Traffic from cust2 to cust1
---------------------------
1. cust2 will spray traffic to Sprint and at&t
2A. UUNET is not advertising cust1 routes to Peers as
    the best path is learned from a Peer and UUNET does
    not provide transit to Peers.
3A. L(3) and Sprint will forward traffic to at&t
4A. at&t will forward traffic to their customer over the
    at&t-cust1 link

2B. at&t is customers of UUNET instead of a Peer.
    In this case UUNET will advertise the cust1
    prefic to L(3) and Sprint.
3B. L(3) and Sprint will choose the best exit and
    send the traffic either to at&t or to UUNET
4B. Traffic sent to UUNET will be delivered to at&t as
    UUNET will honor the customer's low local pref community
    Traffic sent to at&t (either from UUNET or L(3) or Sprint)
    will be delivered over the at&t-cust1 link.

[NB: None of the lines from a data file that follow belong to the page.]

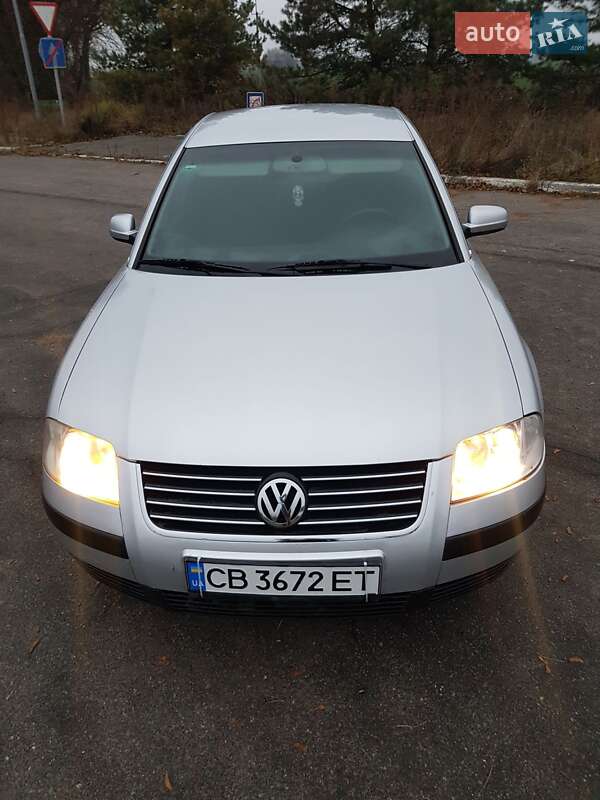Седан Volkswagen Passat 2001 в Мене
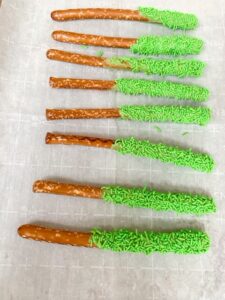 Grinch Pretzels Easy Green Grinch Pretzel Rods With Jimmies Heart Sprinkle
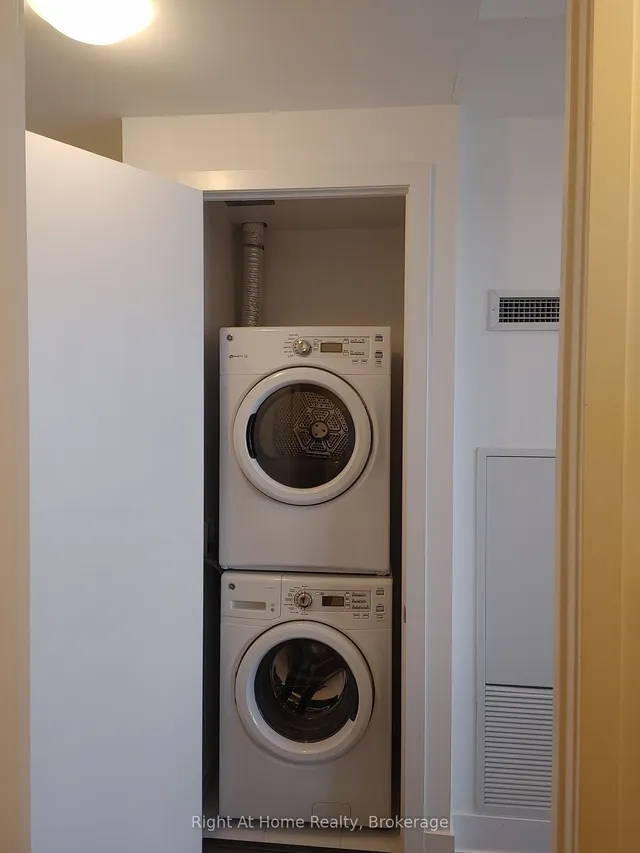 Additional image 15 of 38 Iannuzzi St Unit UPH03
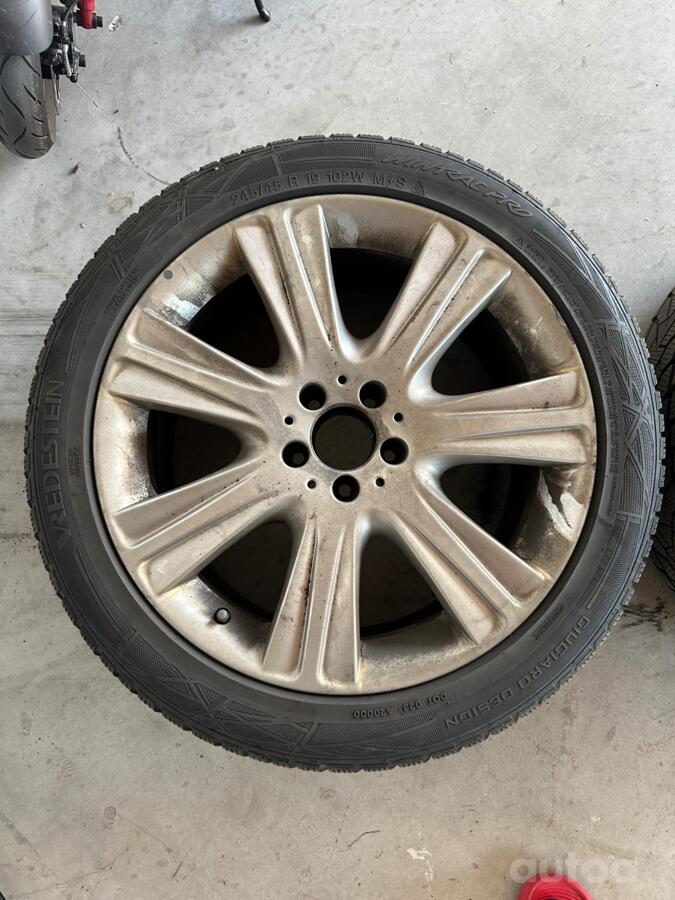 Mercedes-Benz, aliaj ușor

With shim6 and the TE I outlined earlier a correspondent would be able to override the receiving site's wishes, which isn't possible in the above scenario. However, it's unlikely that correspondents will do this on a wide scale unless there is some reason why this is beneficial to them.

In shim6 if cust1 chooses the Sprint IP address as the destination
then all transit ASes must deliver the traffic via Sprint.  Transit
ASes have no capability to understand the destination lives behind
both Sprint and L(3), and threfore deliver the traffic to L(3) if
the L(3) exit point is better.

If the shim6 sites have access to a BGP feed they can still do outgoing traffic engineering as usual. However, I expect that only a subset of all shim6 sites will bother to run BGP so many will have to depend on end-to-end information which will often be better than what BGP supplies, and sometimes (a lot) worse, but never as easy to change by ASes in the middle.

Transit AS TE is more critical in the case of moderate sized transit AS that is purchasing transit from multiple upstreams. Especally when links are cost prohibative. Take a large South American ISP that has 16 STM-1s,
where 4xSTM1 use the Americas 2 oceananic cable system to up stream
transit provider1, 4xSTM1 use the Emergia oceananic cable system to up
stream transit provider1, 4xSTM1 use the Americas 2 oceananic cable system
to up stream stream transit provider2, and 4xSTM1 use the Americas 2
oceananic cable system to up stream stream transit provider2. Now imagine
that your most important customer who always complains about latency
should always use the Americas 2 oceananic cable system to up stream
tranist provider1.  Also imagine all other traffic should load all the
other links as equally as possible. and given that any one or more links fail, all the links should be loaded as equally as possible. Note: This
is just one example of a real world customer.

Unfortunately this is incompatible with hop-by-hop forwarding for outgoing traffic from the customer. Obviously this can be solved both today and with shim6 using MPLS or similar.